Parameters for writing in FileCached mode

If you have many dynamic partitions, you can use the file cache mode. You can use the following parameters to configure the cache file information for data writing.

Parameter	Required	Default value	Description
sink.file-cached.enable	No	false	Specifies whether to enable writing in FileCached mode. Valid values: false: Disables the mode. true: Enables the mode. Note Use the file cache mode when there are many dynamic partitions.
sink.file-cached.tmp.dirs	No	./local	The default directory for cached files in file cache mode.
sink.file-cached.writer.num	No	16	The number of concurrent threads for a single task to upload data in file cache mode. Note Do not significantly increase this value. Writing to too many partitions at the same time can cause an OOM error.
sink.bucket.check-interval	No	60000	The interval to check the file size in file cache mode. Unit: milliseconds (ms).
sink.file-cached.rolling.max-size	No	16 M	The maximum size of a single cache file in file cache mode. If a file exceeds this size, its data is uploaded to the server.
sink.file-cached.memory	No	64 M	The maximum size of off-heap memory used for writing files in file cache mode.
sink.file-cached.memory.segment-size	No	128 KB	The size of the buffer used for writing files in file cache mode.
sink.file-cached.flush.always	No	true	In file cache mode, specifies whether to use a cache when writing files.
sink.file-cached.write.max-retries	No	3	The number of retries for uploading data in file cache mode.

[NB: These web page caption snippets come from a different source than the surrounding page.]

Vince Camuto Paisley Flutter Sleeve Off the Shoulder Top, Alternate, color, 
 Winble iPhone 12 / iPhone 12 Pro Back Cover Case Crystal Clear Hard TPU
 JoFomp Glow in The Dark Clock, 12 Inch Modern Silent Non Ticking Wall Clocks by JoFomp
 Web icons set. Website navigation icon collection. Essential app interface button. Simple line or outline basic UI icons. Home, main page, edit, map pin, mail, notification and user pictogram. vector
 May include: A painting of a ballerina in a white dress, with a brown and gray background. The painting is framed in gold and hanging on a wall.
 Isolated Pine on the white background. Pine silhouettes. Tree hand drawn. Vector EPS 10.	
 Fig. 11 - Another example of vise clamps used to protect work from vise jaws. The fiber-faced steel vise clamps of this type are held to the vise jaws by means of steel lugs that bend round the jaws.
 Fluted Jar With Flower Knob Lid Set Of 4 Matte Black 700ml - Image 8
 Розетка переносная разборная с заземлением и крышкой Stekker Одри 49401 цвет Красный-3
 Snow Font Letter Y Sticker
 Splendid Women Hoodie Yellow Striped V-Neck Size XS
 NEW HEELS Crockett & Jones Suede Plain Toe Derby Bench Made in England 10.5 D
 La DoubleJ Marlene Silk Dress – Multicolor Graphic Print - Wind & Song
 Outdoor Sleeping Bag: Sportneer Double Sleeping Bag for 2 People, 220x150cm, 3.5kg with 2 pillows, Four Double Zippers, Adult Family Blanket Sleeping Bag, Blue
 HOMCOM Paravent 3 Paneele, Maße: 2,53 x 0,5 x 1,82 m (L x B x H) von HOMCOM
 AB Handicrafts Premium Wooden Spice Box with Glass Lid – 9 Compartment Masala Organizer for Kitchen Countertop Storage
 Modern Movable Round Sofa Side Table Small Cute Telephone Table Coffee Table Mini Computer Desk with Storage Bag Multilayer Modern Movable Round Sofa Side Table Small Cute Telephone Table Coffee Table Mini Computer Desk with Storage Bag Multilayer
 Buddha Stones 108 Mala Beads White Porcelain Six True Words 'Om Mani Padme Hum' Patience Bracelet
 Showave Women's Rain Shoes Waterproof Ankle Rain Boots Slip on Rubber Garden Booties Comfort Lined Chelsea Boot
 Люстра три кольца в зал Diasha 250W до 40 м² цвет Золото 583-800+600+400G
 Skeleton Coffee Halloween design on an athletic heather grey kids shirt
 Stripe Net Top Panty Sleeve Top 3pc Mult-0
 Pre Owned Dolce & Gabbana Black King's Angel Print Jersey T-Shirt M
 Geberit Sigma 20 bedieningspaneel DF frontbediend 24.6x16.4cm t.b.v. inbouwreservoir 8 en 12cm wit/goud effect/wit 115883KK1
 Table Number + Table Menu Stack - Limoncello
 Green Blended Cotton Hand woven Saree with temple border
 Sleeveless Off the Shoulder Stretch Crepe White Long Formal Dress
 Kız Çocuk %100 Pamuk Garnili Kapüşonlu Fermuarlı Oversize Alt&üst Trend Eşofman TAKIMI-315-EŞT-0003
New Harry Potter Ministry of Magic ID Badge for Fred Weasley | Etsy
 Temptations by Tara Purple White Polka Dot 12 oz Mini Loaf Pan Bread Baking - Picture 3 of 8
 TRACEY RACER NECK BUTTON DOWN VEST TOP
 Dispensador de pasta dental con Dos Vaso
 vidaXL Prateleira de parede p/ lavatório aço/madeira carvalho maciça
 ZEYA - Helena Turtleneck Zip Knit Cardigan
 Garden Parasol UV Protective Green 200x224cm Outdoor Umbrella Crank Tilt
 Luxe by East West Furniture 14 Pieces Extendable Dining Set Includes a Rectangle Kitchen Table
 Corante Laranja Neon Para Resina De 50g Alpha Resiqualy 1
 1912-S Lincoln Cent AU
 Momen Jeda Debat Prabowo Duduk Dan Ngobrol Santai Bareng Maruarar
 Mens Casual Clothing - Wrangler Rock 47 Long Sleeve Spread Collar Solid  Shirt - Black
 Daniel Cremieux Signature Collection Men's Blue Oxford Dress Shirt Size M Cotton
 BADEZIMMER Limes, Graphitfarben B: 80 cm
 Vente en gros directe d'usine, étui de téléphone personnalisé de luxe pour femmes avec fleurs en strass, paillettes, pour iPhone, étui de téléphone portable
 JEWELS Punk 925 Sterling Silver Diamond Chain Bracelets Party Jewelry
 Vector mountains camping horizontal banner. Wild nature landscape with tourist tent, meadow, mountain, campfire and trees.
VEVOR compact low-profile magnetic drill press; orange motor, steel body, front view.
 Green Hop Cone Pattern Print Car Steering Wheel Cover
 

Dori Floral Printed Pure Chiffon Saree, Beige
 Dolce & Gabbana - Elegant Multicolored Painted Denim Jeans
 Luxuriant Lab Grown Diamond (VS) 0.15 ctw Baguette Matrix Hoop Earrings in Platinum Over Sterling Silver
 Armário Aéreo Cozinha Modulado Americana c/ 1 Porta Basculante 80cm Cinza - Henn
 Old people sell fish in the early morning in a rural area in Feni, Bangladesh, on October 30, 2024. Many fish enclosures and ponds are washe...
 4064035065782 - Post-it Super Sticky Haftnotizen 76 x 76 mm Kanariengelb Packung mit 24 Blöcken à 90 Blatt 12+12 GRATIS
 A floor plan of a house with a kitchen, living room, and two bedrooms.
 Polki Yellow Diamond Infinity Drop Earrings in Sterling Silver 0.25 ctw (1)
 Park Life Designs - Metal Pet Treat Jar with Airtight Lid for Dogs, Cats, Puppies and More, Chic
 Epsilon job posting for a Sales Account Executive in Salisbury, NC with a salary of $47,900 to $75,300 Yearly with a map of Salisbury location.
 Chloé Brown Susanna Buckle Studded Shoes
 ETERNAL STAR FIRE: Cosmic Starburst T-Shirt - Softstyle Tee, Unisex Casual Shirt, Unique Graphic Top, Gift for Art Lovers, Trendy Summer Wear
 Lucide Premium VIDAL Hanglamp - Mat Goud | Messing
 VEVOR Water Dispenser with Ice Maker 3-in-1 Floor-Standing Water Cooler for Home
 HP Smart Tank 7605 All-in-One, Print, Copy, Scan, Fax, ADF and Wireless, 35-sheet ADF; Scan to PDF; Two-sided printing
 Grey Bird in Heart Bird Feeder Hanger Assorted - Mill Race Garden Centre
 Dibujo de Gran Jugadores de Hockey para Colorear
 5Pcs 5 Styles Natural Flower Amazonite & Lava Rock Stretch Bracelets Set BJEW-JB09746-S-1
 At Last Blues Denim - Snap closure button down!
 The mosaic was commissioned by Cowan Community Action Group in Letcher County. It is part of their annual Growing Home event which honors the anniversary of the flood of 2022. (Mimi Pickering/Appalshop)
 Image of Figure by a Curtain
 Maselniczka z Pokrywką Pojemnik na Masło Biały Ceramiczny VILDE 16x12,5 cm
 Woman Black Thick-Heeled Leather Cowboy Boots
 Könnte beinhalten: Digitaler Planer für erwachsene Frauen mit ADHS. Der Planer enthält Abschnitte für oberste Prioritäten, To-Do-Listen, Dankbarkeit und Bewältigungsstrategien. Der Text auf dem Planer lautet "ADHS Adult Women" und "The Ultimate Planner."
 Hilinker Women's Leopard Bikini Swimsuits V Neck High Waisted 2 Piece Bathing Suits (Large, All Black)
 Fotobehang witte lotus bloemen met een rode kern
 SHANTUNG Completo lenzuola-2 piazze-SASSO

Parameters for insert or upsert writes

Upsert write parameters

Parameter	Required	Default value	Description
upsert.writer.max-retries	No	3	The number of retries if an Upsert Writer fails to write to a bucket.
upsert.writer.buffer-size	No	64 m	The cache size for a single Upsert Writer in Flink. Note When the total buffer size of all buckets reaches the threshold, the system automatically flushes the data to the server. A single Upsert Writer can write to multiple buckets at the same time. Increase this value to improve write efficiency. If you write to many partitions, there is a risk of OOM errors. In this case, consider decreasing this value.
upsert.writer.bucket.buffer-size	No	1 m	The cache size for a single bucket in Flink. If the Flink server is low on memory resources, you can decrease this value.
upsert.write.bucket.num	Yes	None	The number of buckets for the sink table. This value must be the same as the value of the `write.bucket.num` property of the sink table.
upsert.write.slot-num	No	1	The number of Tunnel slots used by a single session.
upsert.commit.max-retries	No	3	The number of retries for an upsert session commit.
upsert.commit.thread-num	No	16	The degree of parallelism for upsert session commits. Do not set this parameter to a large value. A high number of concurrent commits increases resource consumption, which may cause performance issues or excessive resource usage.
upsert.major-compact.min-commits	No	100	The minimum number of commits required to trigger a major compaction.
upsert.commit.timeout	No	600	The timeout period for an upsert session commit to wait. Unit: seconds (s).
upsert.major-compact.enable	No	false	Specifies whether to enable major compaction.
upsert.flush.concurrent	No	2	The maximum number of buckets that can be written to in a single partition at the same time. Note Each time data in a bucket is flushed, a Tunnel slot is occupied.

Note

For more information about recommended parameter configurations for upsert writes, see Recommended parameter configurations for upsert writes.

Insert write parameters

Parameter	Required	Default value	Description
insert.commit.thread-num	No	16	The degree of parallelism for commit sessions.
insert.arrow-writer.enable	No	false	Specifies whether to use the Arrow format.
insert.arrow-writer.batch-size	No	512	The maximum number of rows in an Arrow batch.
insert.arrow-writer.flush-interval	No	100000	The interval at which the writer flushes data. Unit: milliseconds (ms).
insert.writer.buffer-size	No	64 M	The cache size for the buffered writer.